■ **DATA SUPPLIED**

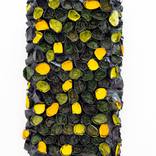 Lemon tree #1 by Jasna Barisic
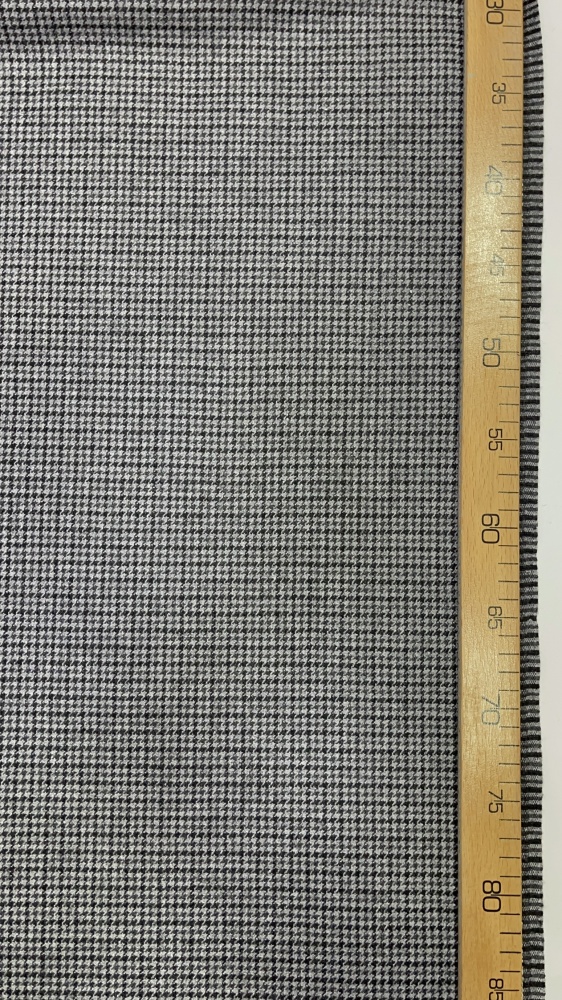 картинка Костюмная клетка КОСТ919 от магазина Компания "Бенефис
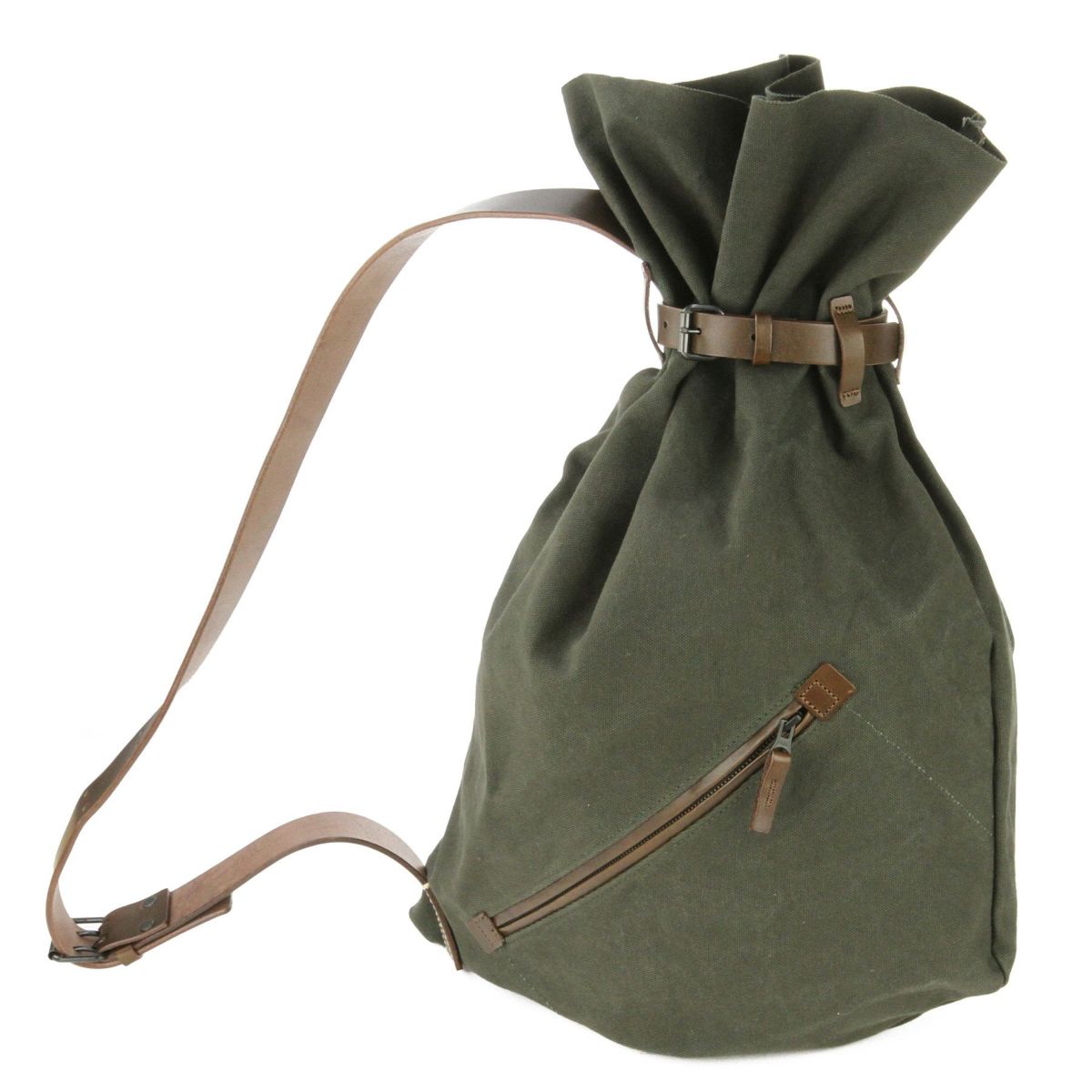 BAGGY PORT バギーポート ボンサック TEPP-003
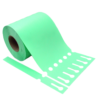 7b586158bec5f2aeba4d2a78ebd7d575.png 4fc516f3506685eeb0626c72668c6d3d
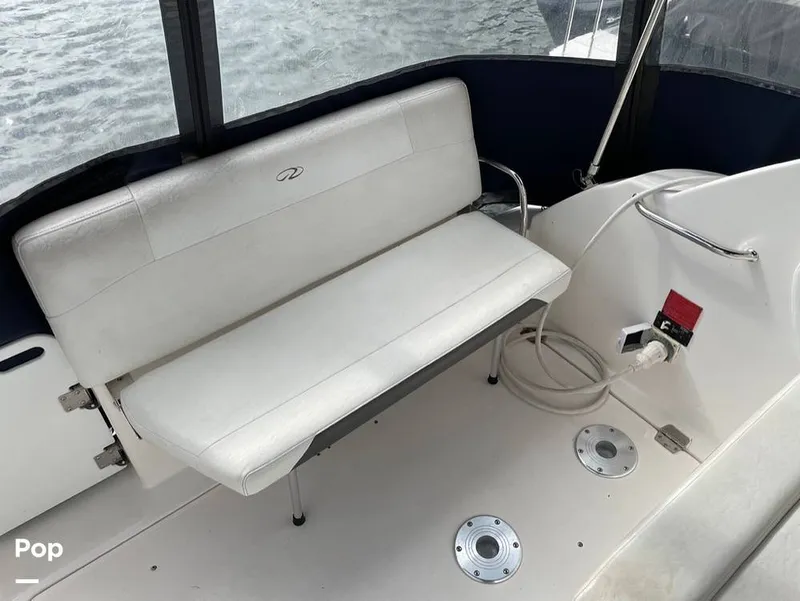 Slide: The Image of Regal Commodore 2565 Window Express 2007 - 15261662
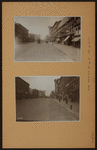 Manhattan: 125th Street - 5th Avenue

■ **AIM OF THE EXERCISE**
Start at the line holding "картинка Костюмная клетка" and stop at the last line of the entries above. Repeat those lines exactly, pictures excluded.

■ **ANSWER SECTION**
 картинка Костюмная клетка КОСТ919 от магазина Компания "Бенефис
 BAGGY PORT バギーポート ボンサック TEPP-003
 7b586158bec5f2aeba4d2a78ebd7d575.png 4fc516f3506685eeb0626c72668c6d3d
 Slide: The Image of Regal Commodore 2565 Window Express 2007 - 15261662
 Manhattan: 125th Street - 5th Avenue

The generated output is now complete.